--- Dataset content Enclosed Below ---

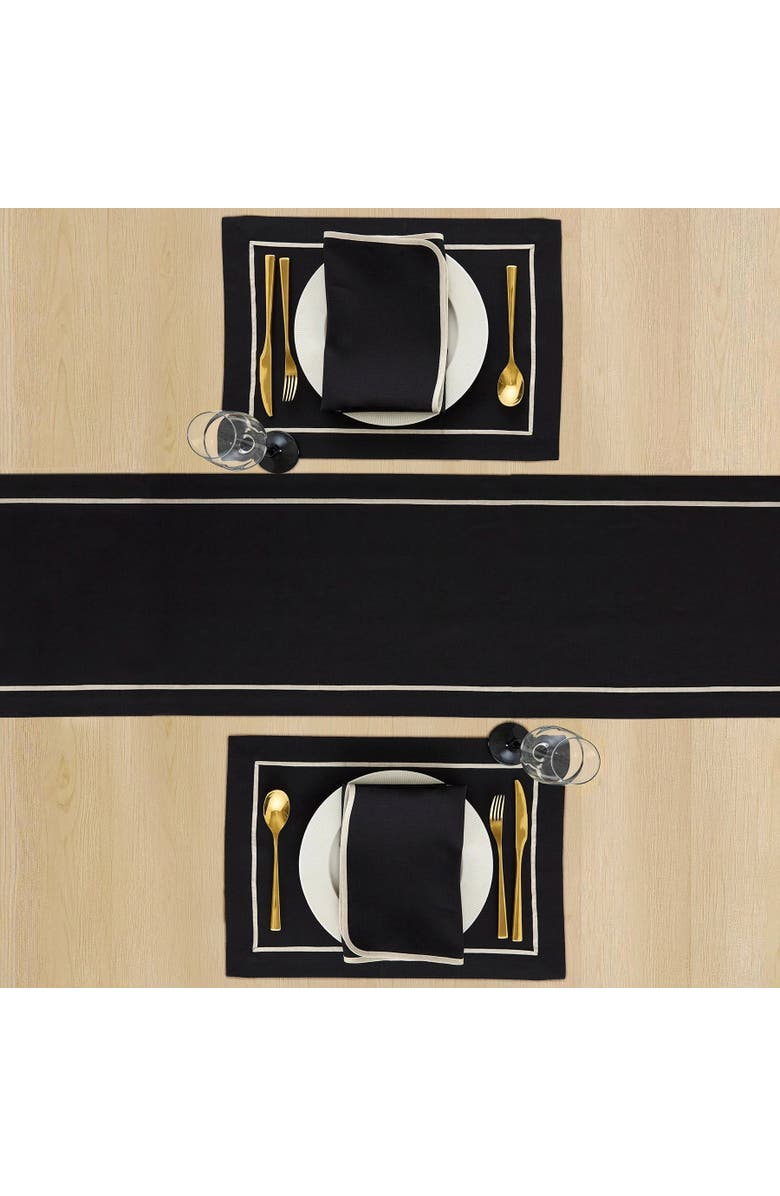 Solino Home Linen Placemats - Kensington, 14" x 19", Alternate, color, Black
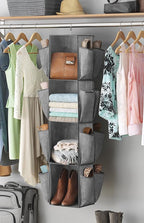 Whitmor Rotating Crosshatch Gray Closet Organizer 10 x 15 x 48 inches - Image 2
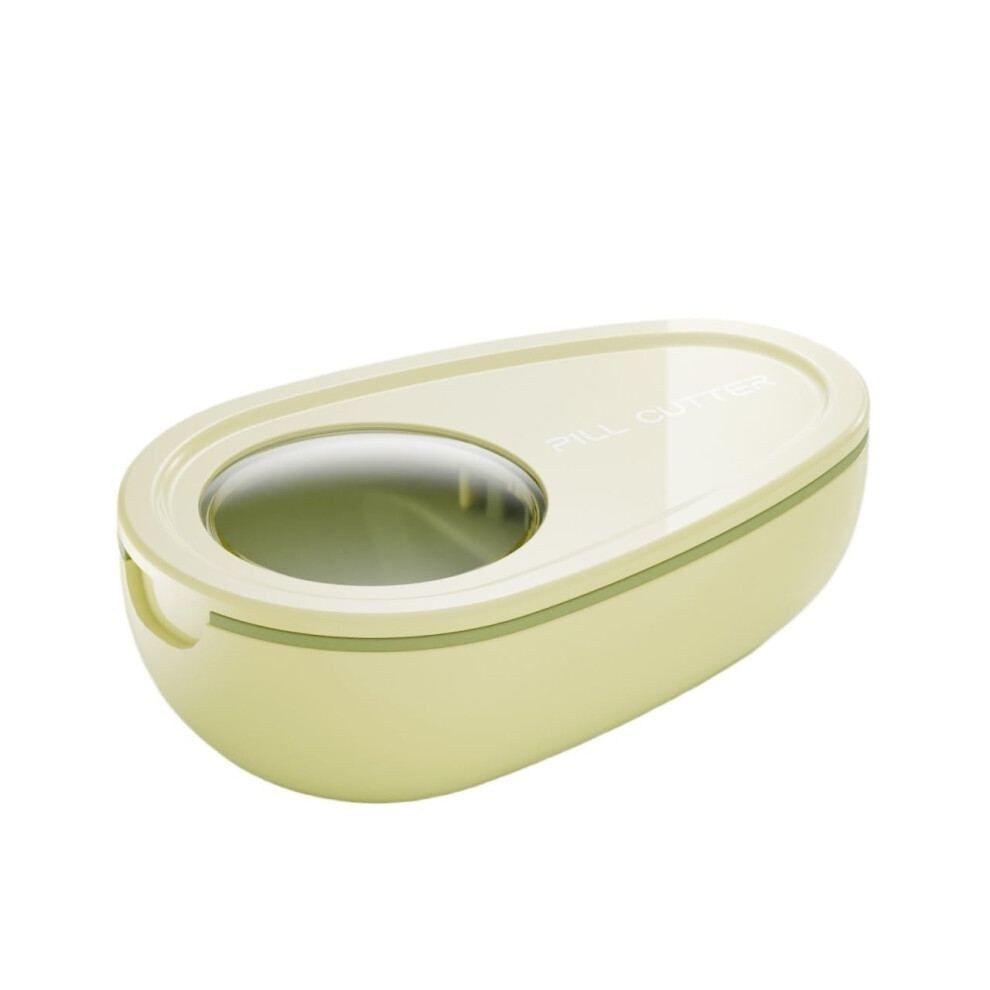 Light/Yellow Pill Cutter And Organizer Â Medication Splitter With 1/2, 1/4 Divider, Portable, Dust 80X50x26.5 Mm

--- End of Enclosed Dataset content ---

▸ Task: Would you repeat the listing word for word and skip every picture?

▸ Written reply:
 Solino Home Linen Placemats - Kensington, 14" x 19", Alternate, color, Black
 Whitmor Rotating Crosshatch Gray Closet Organizer 10 x 15 x 48 inches - Image 2
 Light/Yellow Pill Cutter And Organizer Â Medication Splitter With 1/2, 1/4 Divider, Portable, Dust 80X50x26.5 Mm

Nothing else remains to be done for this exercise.